This court, in Equitable Sav.  Loan v. Commission, 3 OTR 1
(1967), aff'd, 251 Or. 70, 444 P.2d 916 (1968), implicitly held that the failure of the department to follow certain statutory requirements would not void the assessment. In that case, the department had failed to give a reference to the statute, regulation or ruling upon which the proposed assessment was based, pursuant to ORS 314.405(1) (b). This court refused to void the assessment because of the failure on the part of the department, and thus inferentially ruled that the statute was directory in nature. See also Portland Canning Co. v.Commission, 1 OTR 600 (1964), aff'd, 241 Or. 109, 404 P.2d 236
(1965); Linn County v. Rozelle, 177 Or. 245, 266, 162 P.2d 150,159 (1945); Spokane County ex rel. Sullivan v. Glover, 2 Wn.2d 162,169, 97 P.2d 628, 631 (1940); Ryan v. Byram, 4 Cal.2d 596,603, 51 P.2d 872, 876 (1935); 2A Sutherland StatutoryConstruction, supra, at § 57.20.

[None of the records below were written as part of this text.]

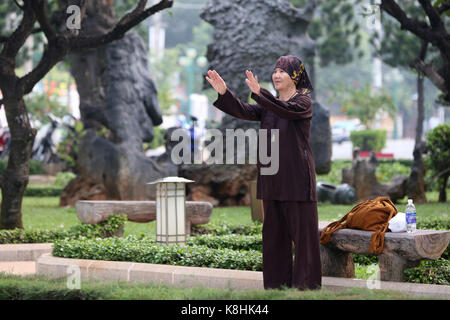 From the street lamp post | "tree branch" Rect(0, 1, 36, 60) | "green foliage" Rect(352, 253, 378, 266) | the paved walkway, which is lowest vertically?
the paved walkway

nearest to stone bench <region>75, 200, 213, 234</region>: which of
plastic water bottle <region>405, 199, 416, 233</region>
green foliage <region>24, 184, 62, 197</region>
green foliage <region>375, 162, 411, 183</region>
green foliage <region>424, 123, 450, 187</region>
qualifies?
plastic water bottle <region>405, 199, 416, 233</region>

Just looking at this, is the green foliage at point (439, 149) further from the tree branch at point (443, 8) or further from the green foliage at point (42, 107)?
the green foliage at point (42, 107)

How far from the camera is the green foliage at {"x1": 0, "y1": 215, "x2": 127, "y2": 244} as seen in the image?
9.98 metres

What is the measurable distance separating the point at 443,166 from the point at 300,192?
10772 millimetres

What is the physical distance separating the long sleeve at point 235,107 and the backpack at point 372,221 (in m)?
1.21

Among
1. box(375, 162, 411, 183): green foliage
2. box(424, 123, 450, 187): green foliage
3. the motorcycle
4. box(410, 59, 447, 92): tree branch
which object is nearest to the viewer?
box(410, 59, 447, 92): tree branch

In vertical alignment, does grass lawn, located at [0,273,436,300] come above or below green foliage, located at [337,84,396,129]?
below

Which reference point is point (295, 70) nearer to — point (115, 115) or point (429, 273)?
point (429, 273)

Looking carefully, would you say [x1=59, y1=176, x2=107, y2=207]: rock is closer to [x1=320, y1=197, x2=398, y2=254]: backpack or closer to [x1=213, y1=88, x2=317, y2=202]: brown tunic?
[x1=320, y1=197, x2=398, y2=254]: backpack

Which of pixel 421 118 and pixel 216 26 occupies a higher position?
pixel 216 26

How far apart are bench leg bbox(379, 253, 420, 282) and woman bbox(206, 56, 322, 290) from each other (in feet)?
2.47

In applying the general rule for determining whether a statute is mandatory or directory, this court must make a determination as to whether there has been an abridgment of some substantial right of a taxpayer by the failure of the department to hold the preassessment conference. Plaintiff argues a number of such abridgments.

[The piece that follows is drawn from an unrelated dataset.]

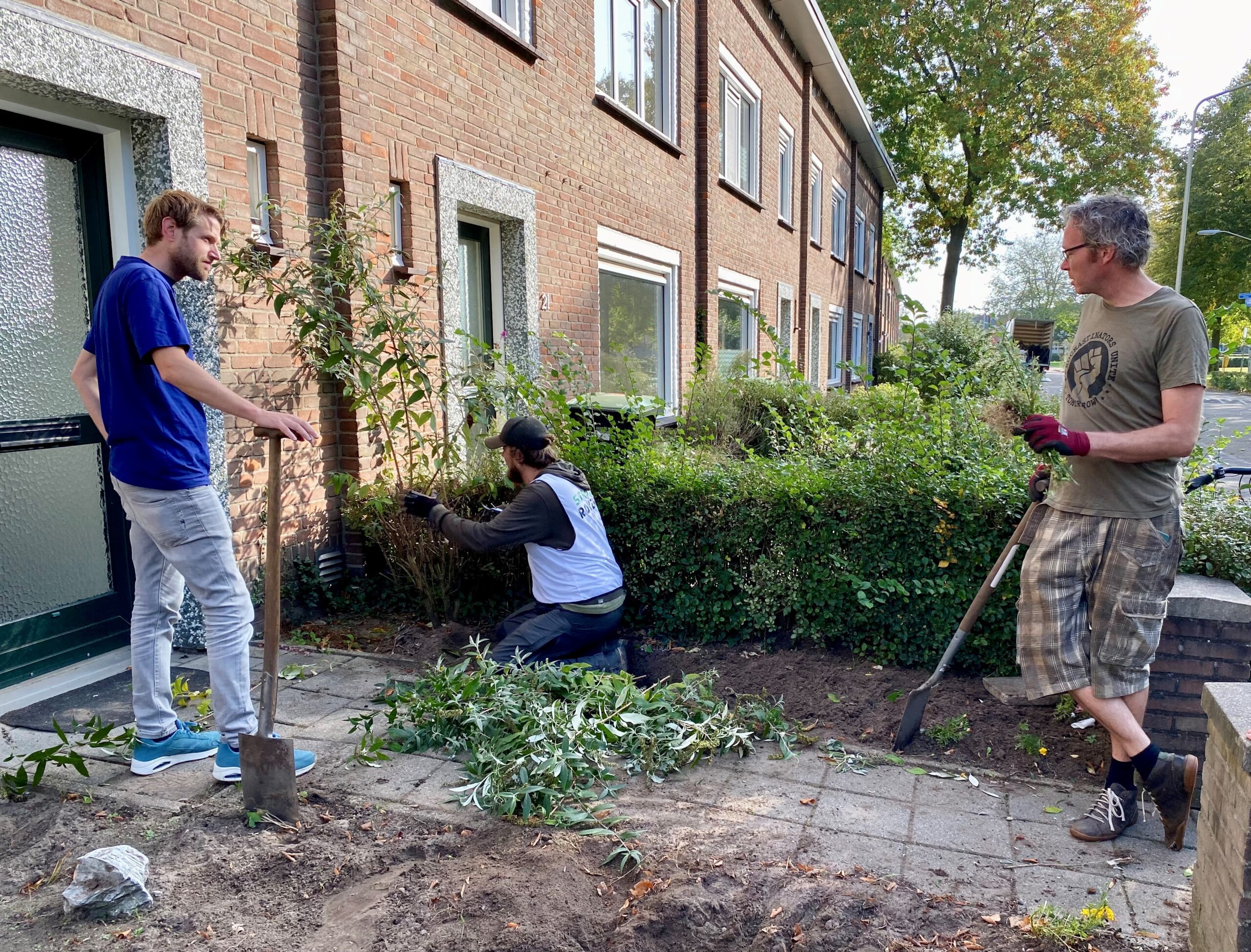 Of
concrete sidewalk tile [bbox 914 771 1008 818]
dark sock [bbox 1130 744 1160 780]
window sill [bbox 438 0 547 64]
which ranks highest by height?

It is first asserted that, because of the department's failure to grant a conference, "defendant unlawfully imposed a large, unjustified lien on plaintiff's property for many months. * * *" The defendant *Page 482 
has denied this assertion and no proof has been presented thereon. ORS 314.417 imposes a lien at the time of the assessment, but such lien is inchoate until acted upon. ORS314.430. In addition, the taxpayer could have avoided a lien by choosing to pay the taxes and appealing for revision of the deficiency. ORS 314.455 (1) (b). If it is ultimately determined that the taxes were not due, a refund, plus interest, is available under ORS 314.455(2).

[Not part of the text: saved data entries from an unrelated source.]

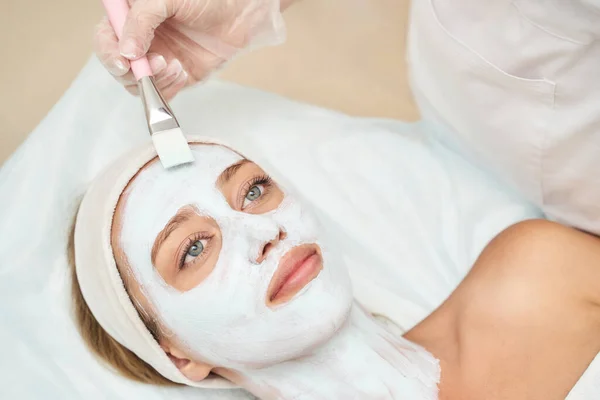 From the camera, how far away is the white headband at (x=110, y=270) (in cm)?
99

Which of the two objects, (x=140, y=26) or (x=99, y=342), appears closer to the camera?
(x=140, y=26)

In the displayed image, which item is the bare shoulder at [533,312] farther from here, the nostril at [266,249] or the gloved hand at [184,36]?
the gloved hand at [184,36]

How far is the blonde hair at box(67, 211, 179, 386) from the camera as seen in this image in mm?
1133

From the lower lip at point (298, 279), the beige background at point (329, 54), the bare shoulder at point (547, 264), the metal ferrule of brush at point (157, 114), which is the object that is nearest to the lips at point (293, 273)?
the lower lip at point (298, 279)

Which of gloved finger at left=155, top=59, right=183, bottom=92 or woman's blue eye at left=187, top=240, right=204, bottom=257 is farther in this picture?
gloved finger at left=155, top=59, right=183, bottom=92

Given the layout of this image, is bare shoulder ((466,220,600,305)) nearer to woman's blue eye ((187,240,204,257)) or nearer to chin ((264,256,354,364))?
chin ((264,256,354,364))

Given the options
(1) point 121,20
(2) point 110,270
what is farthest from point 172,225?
(1) point 121,20

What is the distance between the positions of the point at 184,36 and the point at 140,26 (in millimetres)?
176

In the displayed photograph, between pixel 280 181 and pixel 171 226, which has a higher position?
pixel 171 226

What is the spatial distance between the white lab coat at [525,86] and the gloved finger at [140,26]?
42 cm

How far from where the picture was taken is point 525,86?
1041 mm

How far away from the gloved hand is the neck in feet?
1.59

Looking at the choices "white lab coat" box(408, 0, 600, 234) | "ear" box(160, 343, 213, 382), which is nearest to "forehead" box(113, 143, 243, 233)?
"ear" box(160, 343, 213, 382)

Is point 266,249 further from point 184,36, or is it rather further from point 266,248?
point 184,36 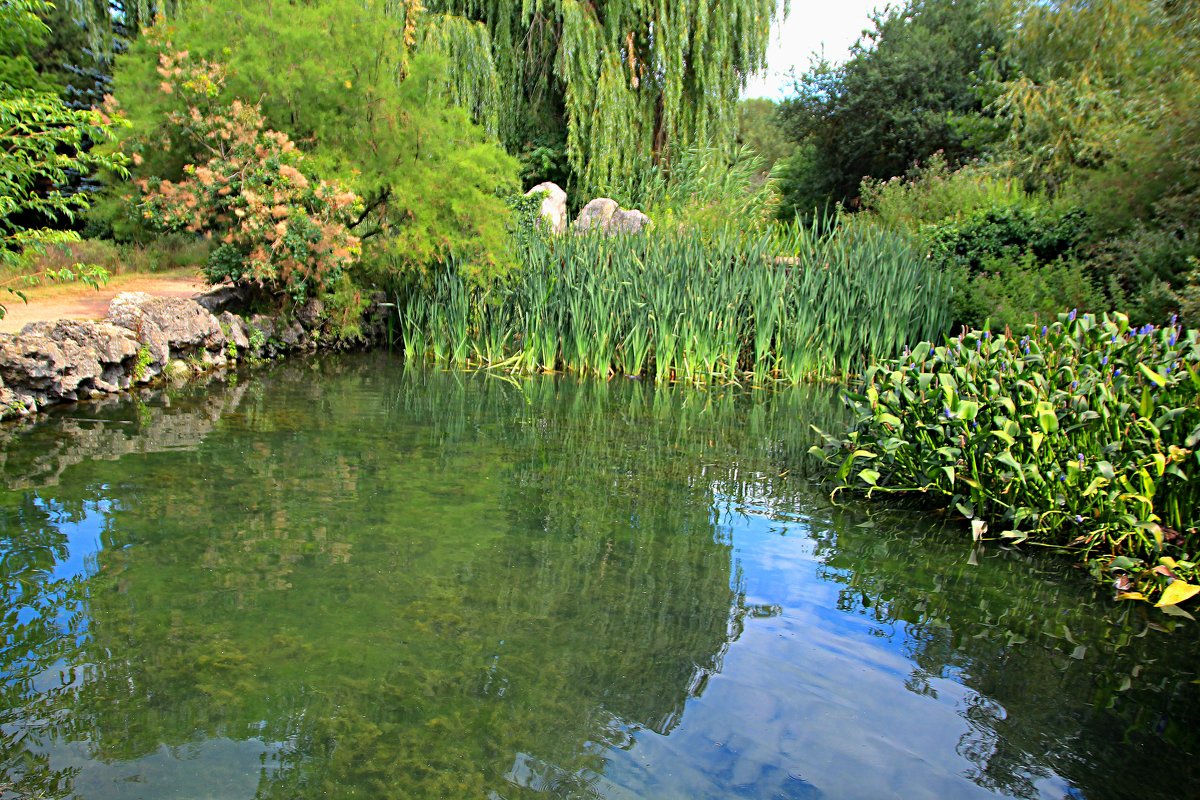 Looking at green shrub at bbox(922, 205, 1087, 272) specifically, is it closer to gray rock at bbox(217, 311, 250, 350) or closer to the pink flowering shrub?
the pink flowering shrub

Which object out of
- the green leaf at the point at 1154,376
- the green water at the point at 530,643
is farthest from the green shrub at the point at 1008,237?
the green water at the point at 530,643

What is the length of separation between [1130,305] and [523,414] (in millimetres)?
6445

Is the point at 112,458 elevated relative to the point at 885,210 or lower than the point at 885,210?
lower

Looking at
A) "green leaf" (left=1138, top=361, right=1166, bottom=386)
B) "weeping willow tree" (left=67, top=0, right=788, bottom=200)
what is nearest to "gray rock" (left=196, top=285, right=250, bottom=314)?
"weeping willow tree" (left=67, top=0, right=788, bottom=200)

A second prejudicial act claimed by plaintiff is that defendant, by not granting any sort of a conference until "after assessment [,] was able to avoid the one-year requirement for conference and assessment under ORS 314.410(4) and to delay greatly the resolution of this case." This has also been denied by defendant and no proof has been submitted by plaintiff on this point. In addition, the evidence indicates that defendant did not delay the one-year requirement for an assessment since the tax was assessed on November 9, 1971, less than one year from the date of the proposed assessment, December 10, 1970.
Plaintiff also asserts that its consolidated financial accounts for 1971 reflected the assessments of November 9, 1971, "and served to increase plaintiff's published consolidated 1971 loss by approximately the amount of tax and interest assessed." However, plaintiff has failed to indicate how, if a conference had been arranged, there was a substantial likelihood that the proposed assessments would have been abated. Even if it had been shown that a preassessment conference would have resulted in a lower assessment, plaintiff would still have to prove that the reduction would have been significant in relation to the company's published financial statements so that investors, creditors and other users of such statements would have been unfavorably affected. This the plaintiff has not done. *Page 483 
Finally, plaintiff argues that, if the controversy had been resolved in 1971, plaintiff would have been entitled to a carry-back for a federal tax refund for 1968 of $15,498 plus interest. Since plaintiff's properties in Chile were expropriated, and since a 10-year federal income tax carry-forward was available, it is unlikely that Anaconda will have earnings sufficient to enable it to carry forward the increased losses occurring as a result of the delayed assessment. Plaintiff's argument is very speculative. It again assumes that the failure to hold a conference delayed the formulation of an accurate assessment against it, and that its earnings will not be high enough over the next 10 years to make it possible to recoup Oregon's additional tax requirements by deduction from federal income taxes.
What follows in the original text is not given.